2014. El despertador de Ana suena a las siete en punto de la mañana en su piso de El Prat de Llobregat. Desayuno y ducha rápida. Autobús y metro. Una hora de trayecto y alguna que otra cabezada después, se sienta frente a una pantalla de ordenador durante casi todo el día... el día que tenía horario. De profesión: experta en seguridad informática en una prestigiosa empresa catalana.

2020. No hay despertador. No hay prisa. No hay estrés. Se levanta sobre las nueve o nueve y media en su casa de Manzanal de Arriba. Ducha tranquila. Cinco minutos a pie y ya está en su nuevo puesto de trabajo: una explotación de 300 ovejas de raza castellana y merina a los pies de la Sierra de la Culebra.

Cuando Ana Porcel Peláez decidió cambiar de vida, todo el mundo le dijo que estaba loca. Pero como ella misma dice, "a veces uno tiene claro lo que quiere y hay que luchar por ello". Y ella lo tenía claro desde pequeña, cuando veía a su abuelo feliz con una docena de ovejas por el campo.

Lejos de estar sola en este nuevo proyecto de vida, esta joven informática ha contado desde el primer minuto con el apoyo incondicional de su madre y de una voluntaria, quienes la ayudan a cuidar del rebaño dando ejemplo de sororidad en un sector y un medio tradicionalmente masculinizados.

"En las zonas rurales es difícil que llegue alguien nuevo.

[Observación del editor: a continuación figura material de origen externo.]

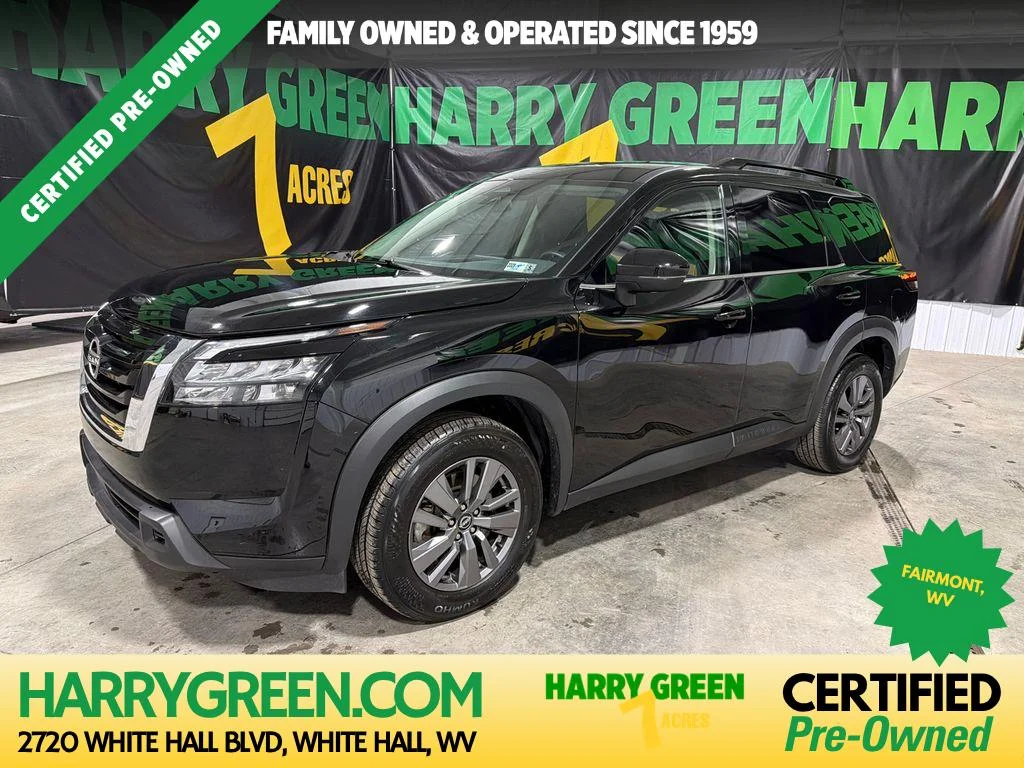 2025 Nissan Pathfinder SV 4WD's photo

Están acostumbrados a que cambien pocas cosas, a que todo el mundo se vaya". No que venga. Y menos, una mujer. Y más, sin marido. "Es que sin un hombre... ¿dónde vas?", le han llegado a espetar. Reconoce que "no lo ponen fácil", pero "una vez instalada, te ganas su respeto". Cuando la multinacional para la que trabajaba no logró librarse de los ERE, surgió la oportunidad. "Era el momento idóneo. O me voy ahora, o no me voy", pensó. Cogió sus bártulos y se volvió al pueblo.

¿En qué ha cambiado su vida desde entonces? "En todo. Desde el aire que respiras, hasta el poder tener animales de autoconsumo, o poder dedicarte a la naturaleza.

Allí no hay pasto, no hay nada, allí es hormigón, cemento y nada más", resume.

No obstante, Ana Porcel no se deja cegar por el entorno idílico e identifica sus carencias, como la dureza del invierno, la falta una oferta cultural o el aislamiento social. "Los inviernos son muy fríos, el cine te queda a cien kilómetros, siempre hay mucha distancia de por medio para quedar con los amigos y aquí somos cuatro", reconoce.

"Al final, irte de un sitio donde te ganas la vida muy bien a venir a cuidar animales, a pasar frío o a pasar calor, te tiene que gustar y punto. No hay otra".

La historia de esta joven zamorana de raíces sanabresas no es solo una de retorno a la España Vaciada. Sino también una historia de empoderamiento de la mujer en el sector primario del medio rural, un espacio aún por conquistar.